What to work on:
Only one stretch of the records below should be repeated. It starts with the line containing "Front Slit Short Denim Skirt Light Blue" and goes on through the line containing "Moissanite Necklace for", exactly as written.

Input data:
[Start of Attachment]
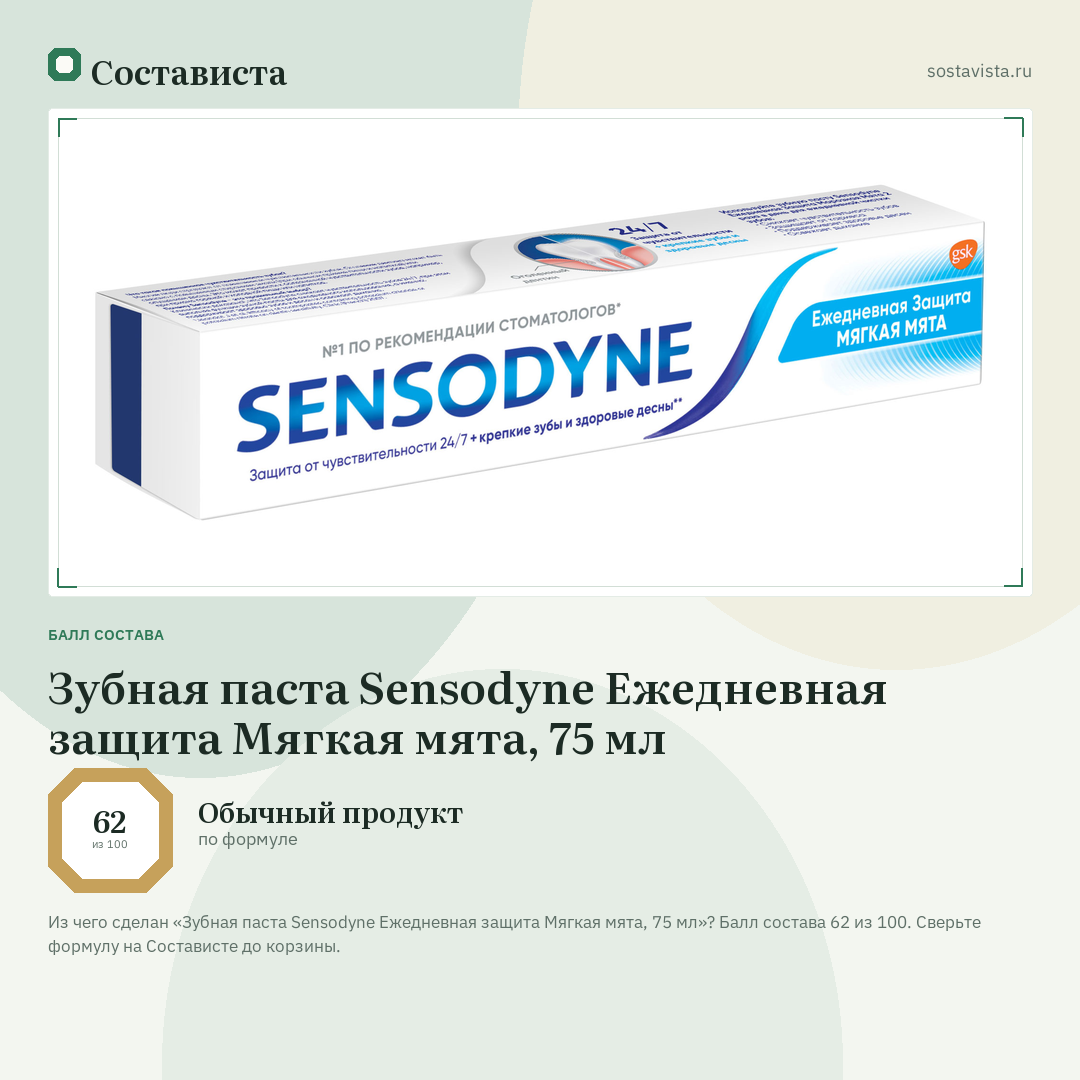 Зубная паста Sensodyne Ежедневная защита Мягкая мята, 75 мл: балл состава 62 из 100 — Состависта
[End of Attachment]
[Start of Attachment]
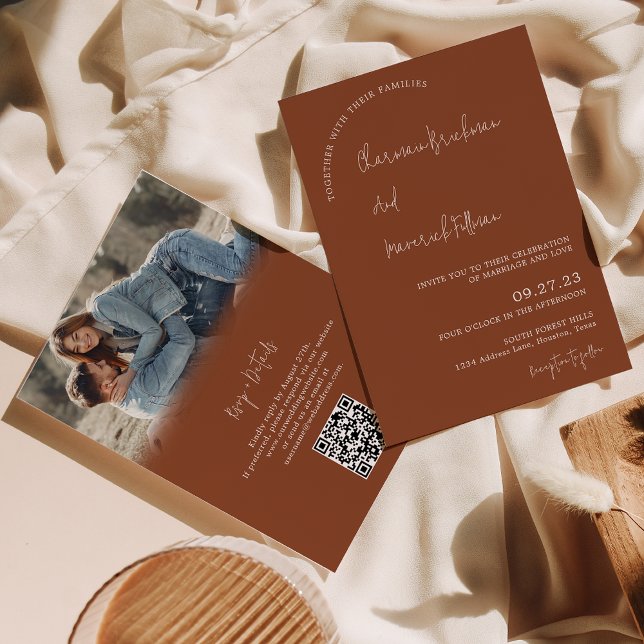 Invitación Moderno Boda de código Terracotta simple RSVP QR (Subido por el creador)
[End of Attachment]
[Start of Attachment]
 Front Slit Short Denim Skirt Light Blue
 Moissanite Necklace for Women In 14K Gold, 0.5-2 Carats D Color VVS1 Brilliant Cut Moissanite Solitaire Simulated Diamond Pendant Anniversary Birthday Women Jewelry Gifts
[End of Attachment]
Result below:
 Front Slit Short Denim Skirt Light Blue
 Moissanite Necklace for Women In 14K Gold, 0.5-2 Carats D Color VVS1 Brilliant Cut Moissanite Solitaire Simulated Diamond Pendant Anniversary Birthday Women Jewelry Gifts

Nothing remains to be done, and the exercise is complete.